[Work to be completed] The part below that opens with the line containing "Картина маслом на холсте" and closes with the line containing "Кремовые брюки MAX MARA: фото - Invogue" should be copied exactly, minus any pictures.

[Input records]
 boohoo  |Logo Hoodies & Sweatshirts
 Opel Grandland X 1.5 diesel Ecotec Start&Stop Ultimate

==

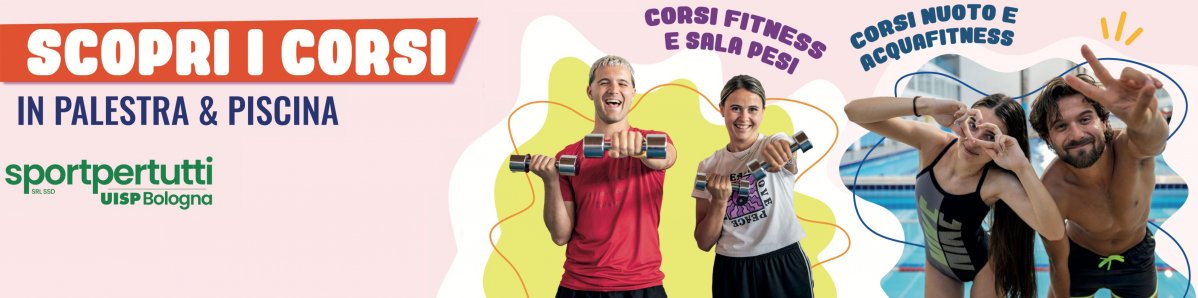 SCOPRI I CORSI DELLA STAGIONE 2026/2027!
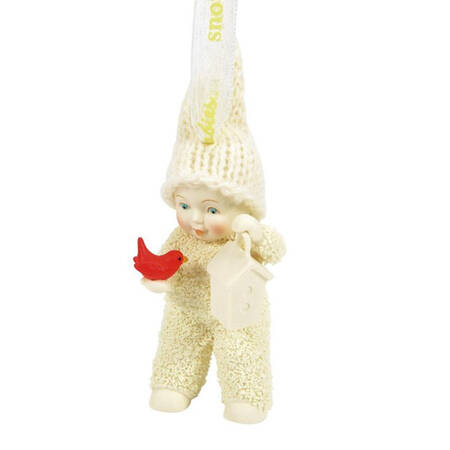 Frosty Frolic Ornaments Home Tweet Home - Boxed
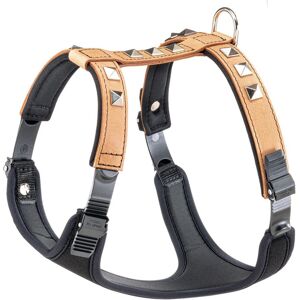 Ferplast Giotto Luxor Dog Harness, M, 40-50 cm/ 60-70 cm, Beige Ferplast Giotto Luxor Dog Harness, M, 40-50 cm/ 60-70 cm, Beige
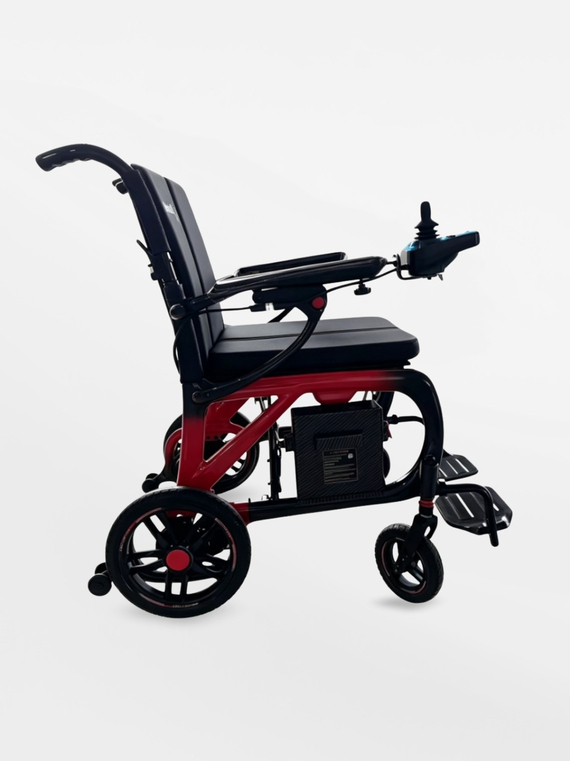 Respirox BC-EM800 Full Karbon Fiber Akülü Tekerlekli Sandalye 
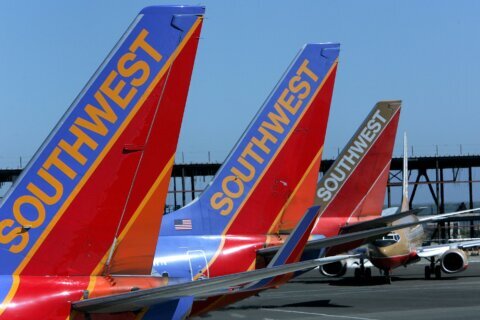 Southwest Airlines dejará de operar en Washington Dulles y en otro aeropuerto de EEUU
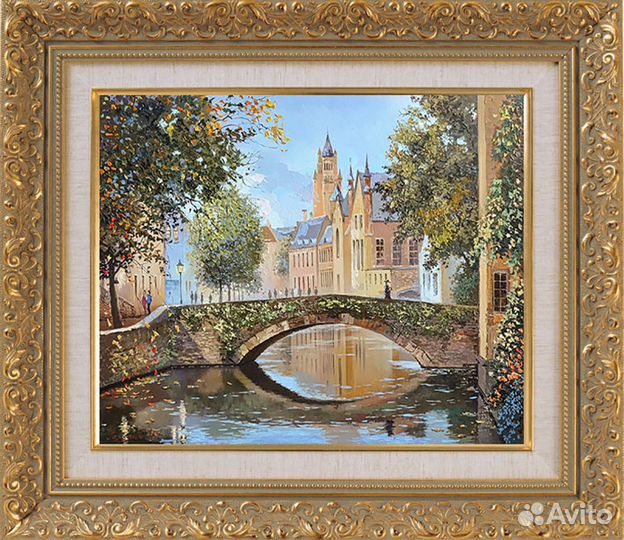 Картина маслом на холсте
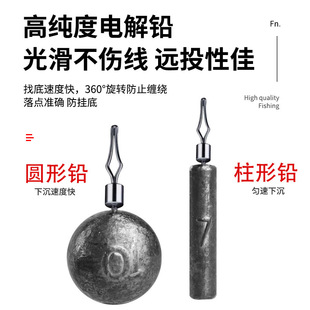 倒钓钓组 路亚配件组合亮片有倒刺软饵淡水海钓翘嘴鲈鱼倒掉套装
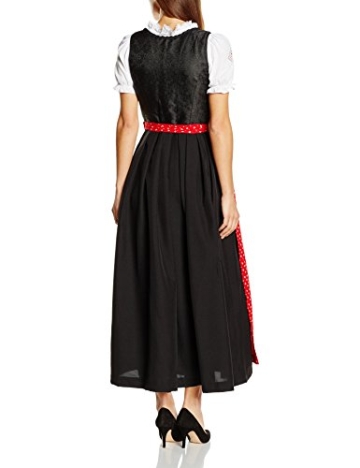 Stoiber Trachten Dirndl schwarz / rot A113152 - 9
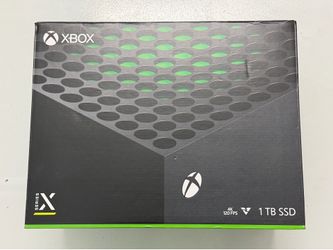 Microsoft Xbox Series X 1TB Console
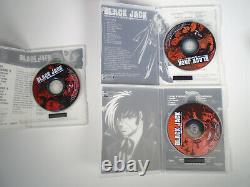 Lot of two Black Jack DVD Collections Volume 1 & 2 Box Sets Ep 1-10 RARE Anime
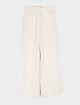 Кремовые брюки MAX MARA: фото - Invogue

* * *

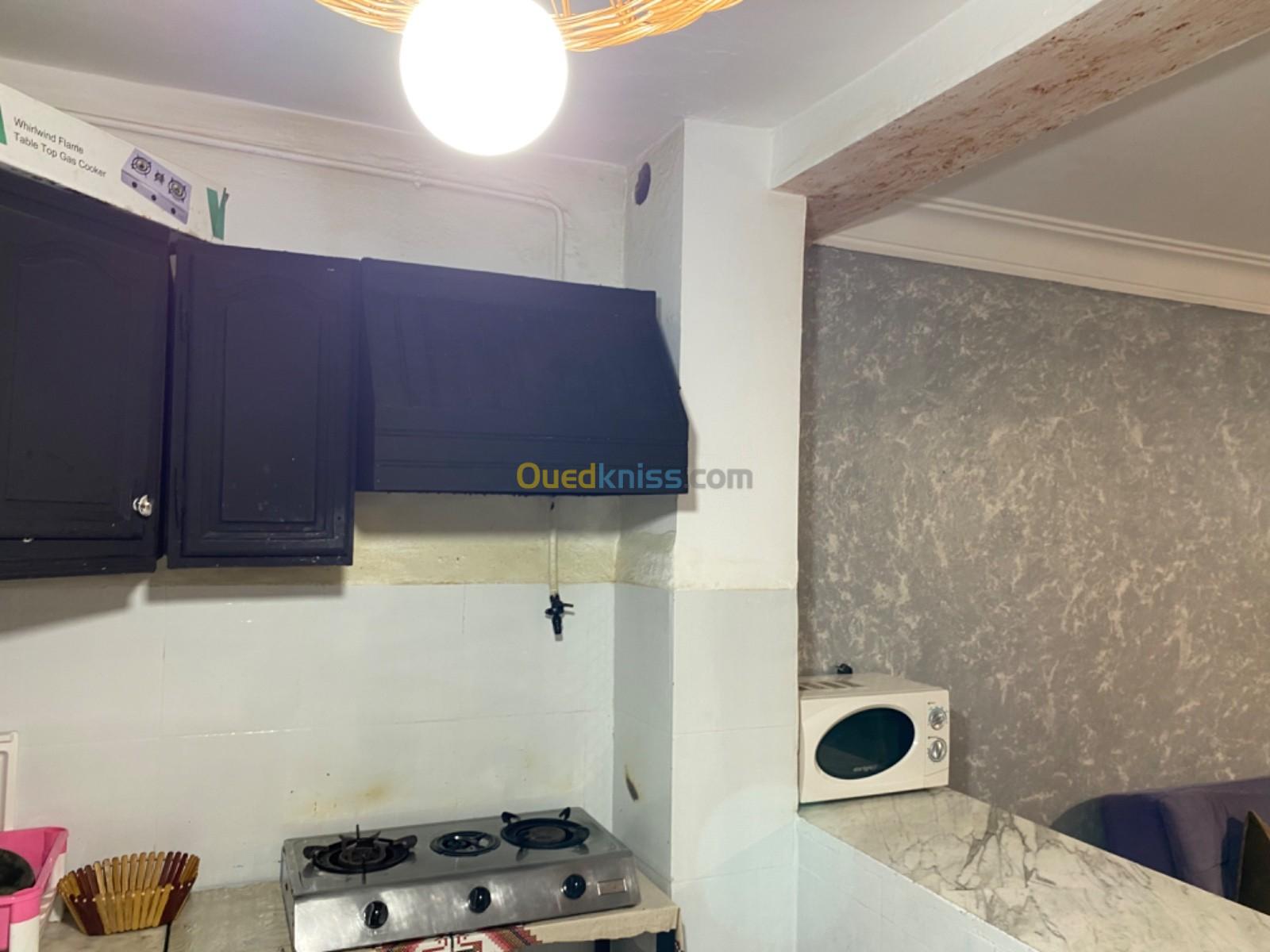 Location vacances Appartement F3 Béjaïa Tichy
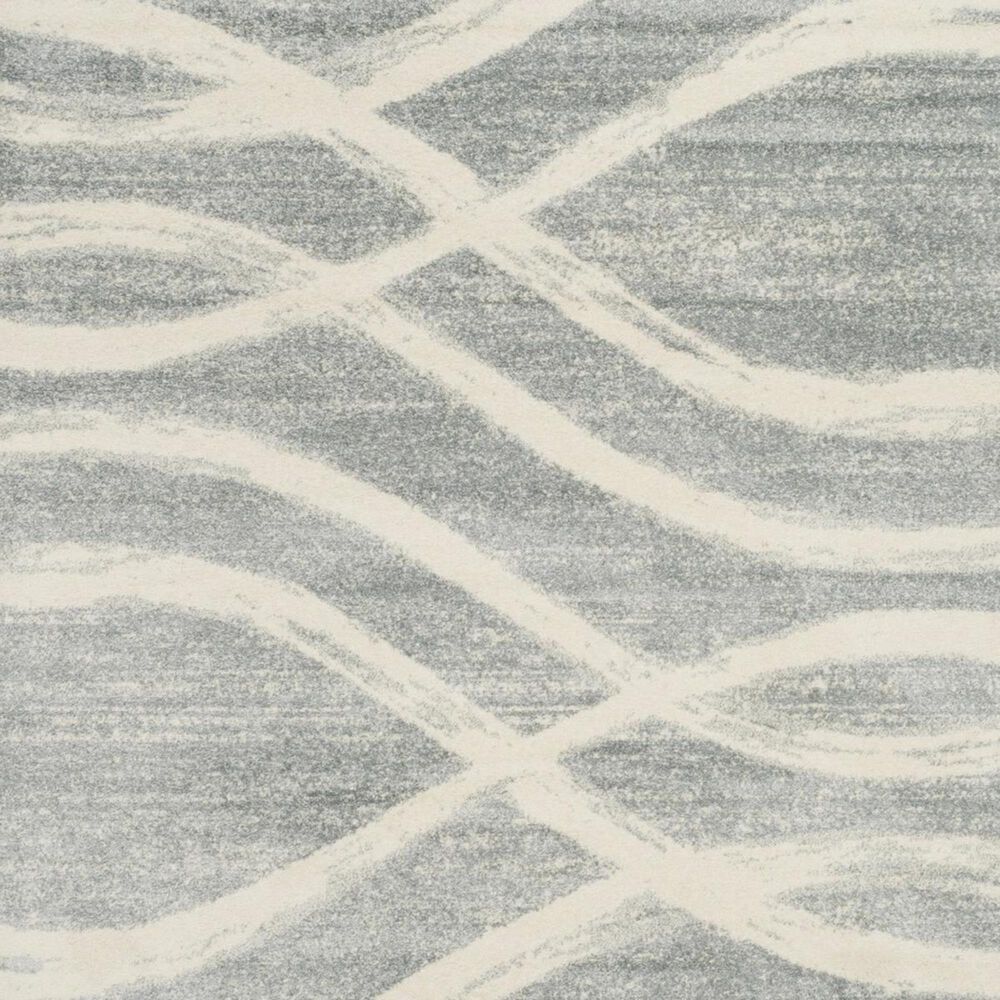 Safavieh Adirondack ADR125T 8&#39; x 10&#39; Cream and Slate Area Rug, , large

[Solution below]
 Картина маслом на холсте
 倒钓钓组 路亚配件组合亮片有倒刺软饵淡水海钓翘嘴鲈鱼倒掉套装
 Stoiber Trachten Dirndl schwarz / rot A113152 - 9
 Microsoft Xbox Series X 1TB Console
 Lot of two Black Jack DVD Collections Volume 1 & 2 Box Sets Ep 1-10 RARE Anime
 Кремовые брюки MAX MARA: фото - Invogue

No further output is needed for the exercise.